Collected data:

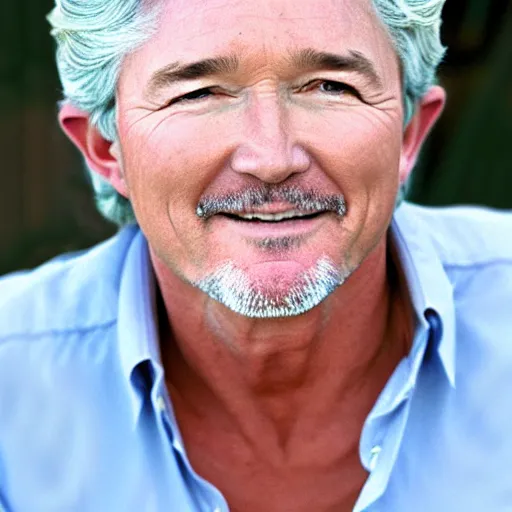 Image similar to long straight grey hair, patrick duffy, wearing a white shirt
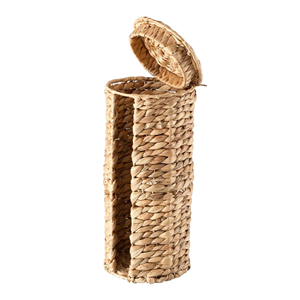 Panier à papier toilette en jacinthe d'eau tissé à la main avec couvercle, organisateur et boîte de rangement de salle de bain en jacinthe d'eau naturelle du Vietnam - Product Image 6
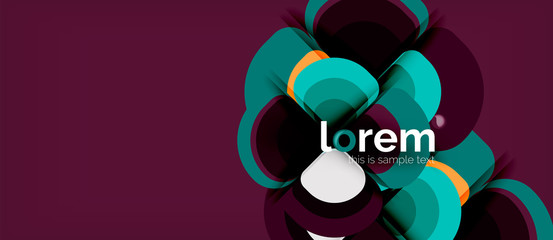 Abstract background - geometric multicolored round shapes composition. Trendy abstract layout template for business or technology presentation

Problem: In this exercise, set down all of the data exactly, without the pictures.

Exercise answer:
 Image similar to long straight grey hair, patrick duffy, wearing a white shirt
 Panier à papier toilette en jacinthe d'eau tissé à la main avec couvercle, organisateur et boîte de rangement de salle de bain en jacinthe d'eau naturelle du Vietnam - Product Image 6
 Abstract background - geometric multicolored round shapes composition. Trendy abstract layout template for business or technology presentation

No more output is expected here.